EUROPE - A typical European corporate pension plan would need to achieve an investment return of between 5% and 10% depending on interest rates in order for its funded status not to deteriorate further, new research has revealed.
According to JPMorgan Fleming Asset Management’s Overview of European Corporate Pension Plans, even 10% asset growth under current interest rates would barely make a dent in the funded status of most plans.
JPMorgan found contributions as a percentage of assets fell from 9.2% of plan assets at year-end 2002 to 6.5% of plan assets at the end of 2003.
Despite positive asset markets in 2004, the average funded ratio fell from 74% in 2003 to about 70% at year-end 2004 before contributions.

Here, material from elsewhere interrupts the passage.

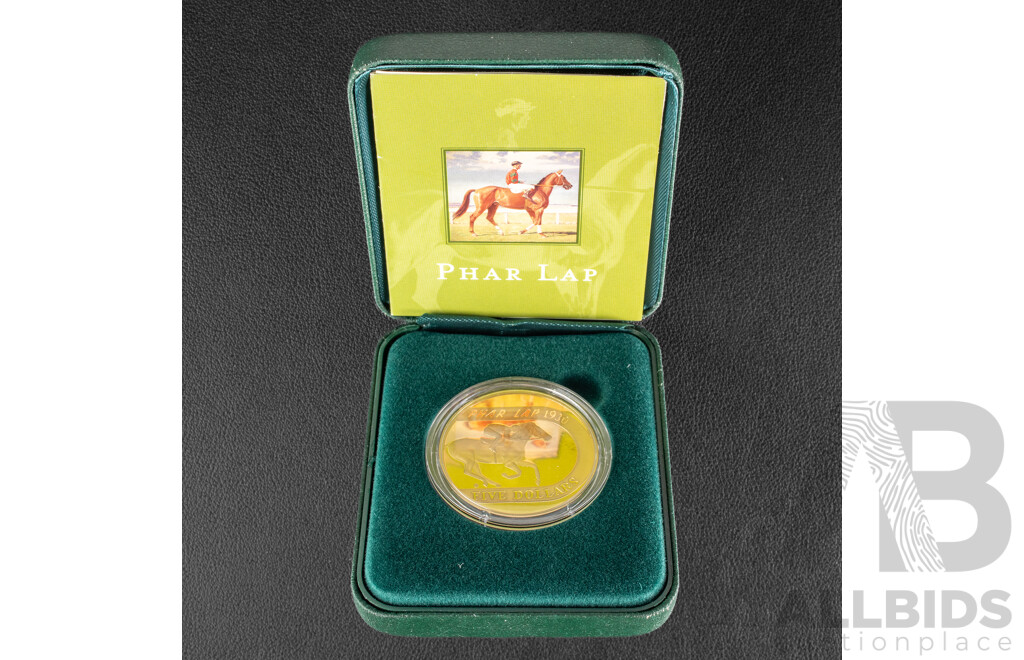 Australian 2005 Proof Five Dollar coin, Phar Lap Anniversary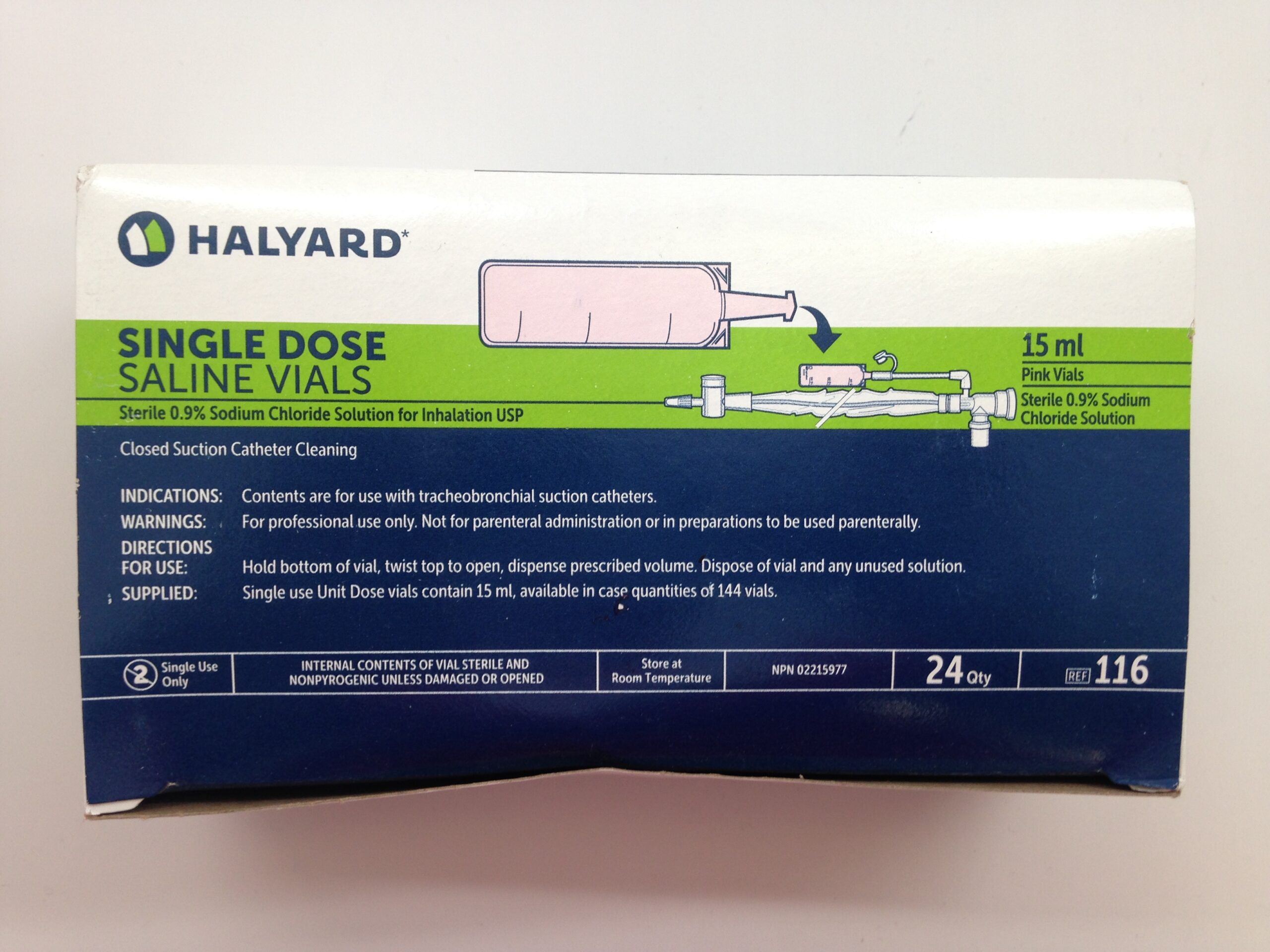 HALYARD 116 Single Dose Saline Vials, 15mL (X) GB TECH USA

Peter Schwicht (pictured), head of European institutional business at JPMorgan, said: “There are certainly challenges ahead as European pension funds strive to regain lost ground. We believe that the most successful plans will make a concerted effort to understand the challenge, with strategic planning that includes funding goals and asset growth needs.
“Successful pension plans will also need to assess their risk tolerance and the availability of contributions, as well as their asset liability duration matching and the diversification of their portfolios in terms of sources of return and the efficient use of capital.”
The research showed pension plans sponsored by Swiss companies were in the best funded position with an average asset-to-liability ratio of 90% (2003), closely followed by Dutch and Nordic firms. German company plans are on average the worst funded with a ration of only 56%, however regulations on funding practices differ between countries.
The overview assessed the 71 largest corporate pension plans in continental Europe ranging in asset value from e30m to e40bn.